- **EXERCISE GOAL**
Would you please transcribe, exactly as written, the lines of the entries below starting at the one that holds "수의사님! 안녕하세요 35화 2" and ending at the one that holds "Japanese Tit 鶴見川 Sun, 6/19/2022", both included?

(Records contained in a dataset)
╔══
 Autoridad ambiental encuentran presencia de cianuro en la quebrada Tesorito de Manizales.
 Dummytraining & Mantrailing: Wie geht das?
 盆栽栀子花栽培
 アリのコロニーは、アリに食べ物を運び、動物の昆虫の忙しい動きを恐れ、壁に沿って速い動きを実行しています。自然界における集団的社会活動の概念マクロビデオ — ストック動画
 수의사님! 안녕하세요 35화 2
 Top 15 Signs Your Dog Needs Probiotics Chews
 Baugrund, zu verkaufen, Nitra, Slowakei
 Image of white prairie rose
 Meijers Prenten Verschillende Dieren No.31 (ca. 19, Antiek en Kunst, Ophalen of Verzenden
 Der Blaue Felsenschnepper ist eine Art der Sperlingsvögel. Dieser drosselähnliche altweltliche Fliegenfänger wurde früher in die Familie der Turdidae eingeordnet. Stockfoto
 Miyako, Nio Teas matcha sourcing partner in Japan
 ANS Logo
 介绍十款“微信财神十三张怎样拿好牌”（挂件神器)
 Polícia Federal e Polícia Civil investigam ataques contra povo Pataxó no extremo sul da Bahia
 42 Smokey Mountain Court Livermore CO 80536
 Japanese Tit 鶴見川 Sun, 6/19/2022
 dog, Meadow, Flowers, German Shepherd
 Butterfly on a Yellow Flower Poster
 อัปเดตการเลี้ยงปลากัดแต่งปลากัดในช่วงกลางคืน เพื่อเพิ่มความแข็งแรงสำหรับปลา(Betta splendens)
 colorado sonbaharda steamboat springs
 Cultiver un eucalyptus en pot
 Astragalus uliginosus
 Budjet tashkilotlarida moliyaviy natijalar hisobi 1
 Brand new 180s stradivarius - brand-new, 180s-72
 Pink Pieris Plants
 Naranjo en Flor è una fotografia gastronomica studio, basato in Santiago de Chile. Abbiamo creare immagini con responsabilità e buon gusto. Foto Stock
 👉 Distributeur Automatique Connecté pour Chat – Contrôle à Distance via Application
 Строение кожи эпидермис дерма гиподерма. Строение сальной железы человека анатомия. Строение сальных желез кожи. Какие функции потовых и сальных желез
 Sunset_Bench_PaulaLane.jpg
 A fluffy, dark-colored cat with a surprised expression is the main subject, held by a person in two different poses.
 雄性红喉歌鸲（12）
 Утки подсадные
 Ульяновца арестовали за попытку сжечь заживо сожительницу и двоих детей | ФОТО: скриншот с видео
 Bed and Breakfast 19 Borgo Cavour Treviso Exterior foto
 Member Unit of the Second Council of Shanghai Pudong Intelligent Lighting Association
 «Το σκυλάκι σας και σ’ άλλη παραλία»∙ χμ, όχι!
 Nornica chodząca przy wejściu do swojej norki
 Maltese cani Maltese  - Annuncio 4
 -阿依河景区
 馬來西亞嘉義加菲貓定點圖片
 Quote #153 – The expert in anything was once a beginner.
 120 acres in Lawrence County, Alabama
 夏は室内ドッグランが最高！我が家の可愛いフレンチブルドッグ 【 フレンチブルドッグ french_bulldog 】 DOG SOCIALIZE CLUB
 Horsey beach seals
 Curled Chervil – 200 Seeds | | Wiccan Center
╚══
- **ANSWER TO THE PROBLEM**
 수의사님! 안녕하세요 35화 2
 Top 15 Signs Your Dog Needs Probiotics Chews
 Baugrund, zu verkaufen, Nitra, Slowakei
 Image of white prairie rose
 Meijers Prenten Verschillende Dieren No.31 (ca. 19, Antiek en Kunst, Ophalen of Verzenden
 Der Blaue Felsenschnepper ist eine Art der Sperlingsvögel. Dieser drosselähnliche altweltliche Fliegenfänger wurde früher in die Familie der Turdidae eingeordnet. Stockfoto
 Miyako, Nio Teas matcha sourcing partner in Japan
 ANS Logo
 介绍十款“微信财神十三张怎样拿好牌”（挂件神器)
 Polícia Federal e Polícia Civil investigam ataques contra povo Pataxó no extremo sul da Bahia
 42 Smokey Mountain Court Livermore CO 80536
 Japanese Tit 鶴見川 Sun, 6/19/2022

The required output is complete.